A new study, published in Alzheimer’s Research & Therapy, looked at whether severe gum disease in people aged over 50 could increase the risk of developing Alzheimer’s disease.

It found that patients who suffered with long standing gum disease, gum disease lasting for 10 years or longer, were 70% more likely to develop Alzheimer’s disease, although a causal link was not established.

‘The links between oral health and diseases that effect other parts of our body are becoming increasingly apparent with every new piece of research,’ Dr Nigel Carter OBE, CEO of the Oral Health Foundation, said.

‘The good news is gum disease is an entirely preventable and treatable disease, by ensuring good, consistent, oral health everybody can avoid gum disease and its associated risks.

‘While gum disease can be treated very effectively, the best approach is certainly prevention and making sure we do not fall foul of it at all.

‘We welcome more research on this topic, as a greater understanding could be a game-changer in helping more people avoid Alzheimer’s disease.’

Alzheimer’s disease

The link between gum disease and cognitive decline in Alzheimer’s disease has recently been established.

A study, jointly led by King’s College London and the University of Southampton and published in the journal PLOS ONE, set out to determine whether periodontitis or gum disease is associated with increased dementia severity and subsequent greater progression of cognitive decline in people with Alzheimer’s disease.
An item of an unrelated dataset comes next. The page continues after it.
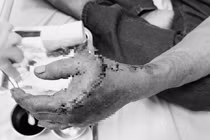 Sử dụng cưa máy, người đàn ông bị lưỡi cưa cắt gãy xương, đứt gân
The authors concluded that gum disease is associated with an increase in cognitive decline in Alzheimer’s disease, possibly via mechanisms linked to the body’s inflammatory response.
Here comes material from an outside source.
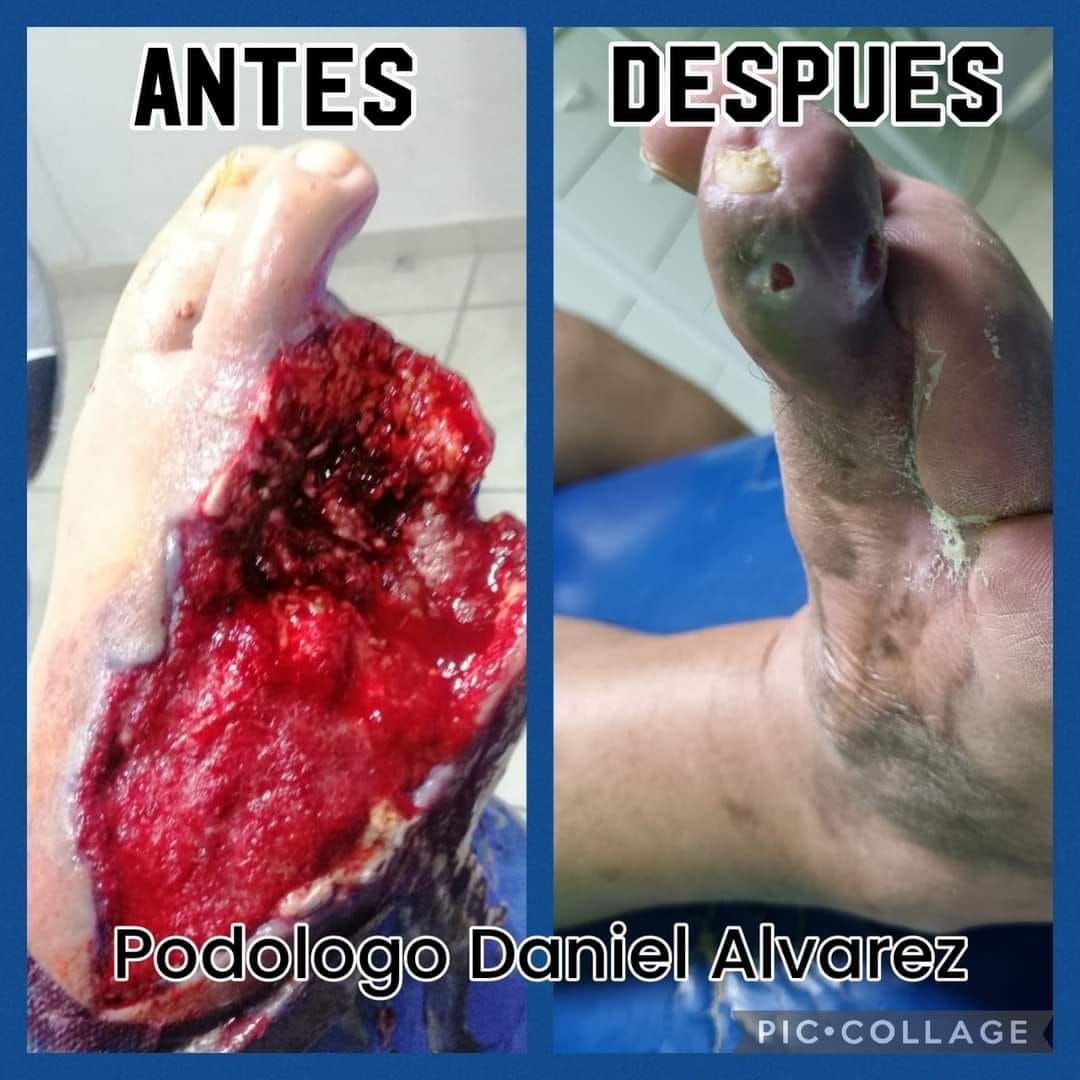 Daniel Alonso Álvarez Rivera-0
‘A number of studies have shown that having few teeth, possibly as a consequence of earlier gum disease, is associated with a greater risk of developing dementia,’ Dr Mark Ide, first author from the Dental Institute at King’s College London, said.

‘We also believe, based on various research findings, that the presence of teeth with active gum disease results in higher body-wide levels of the sorts of inflammatory molecules which have also been associated with an elevated risk of other outcomes such as cognitive decline or cardiovascular disease.
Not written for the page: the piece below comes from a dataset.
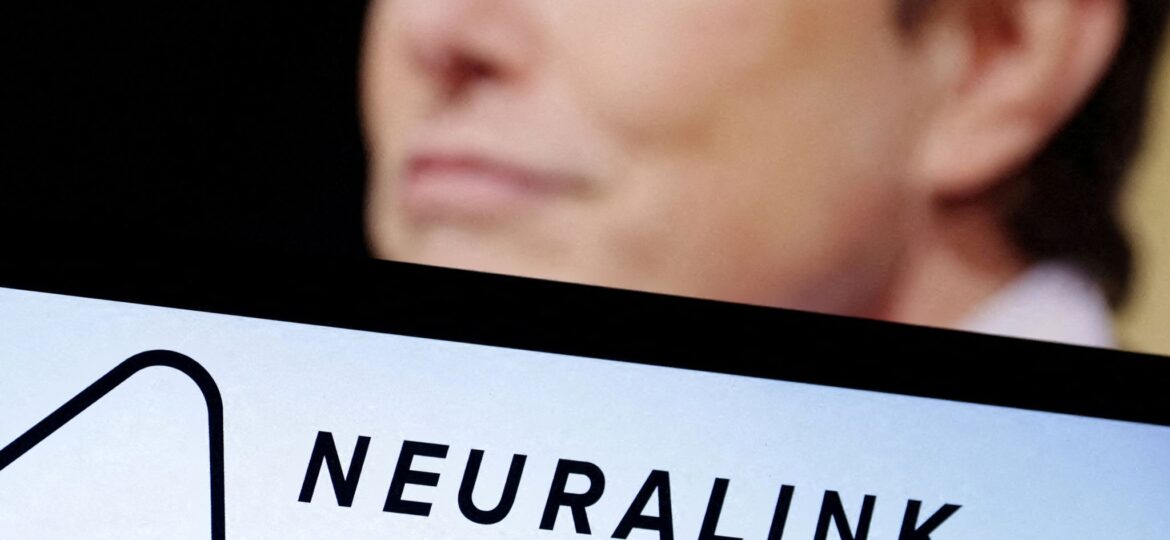 Elon Musk's brain chip company Neuralink says it has won FDA approval for human trials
‘Research has suggested that effective gum treatment can reduce the levels of these molecules closer to that seen in a healthy state.

‘Previous studies have also shown that patients with Alzheimer’s disease have poorer dental health than others of similar age and that the more severe the dementia the worse the dental health, most likely reflecting greater difficulties with taking care of oneself as dementia becomes more severe.’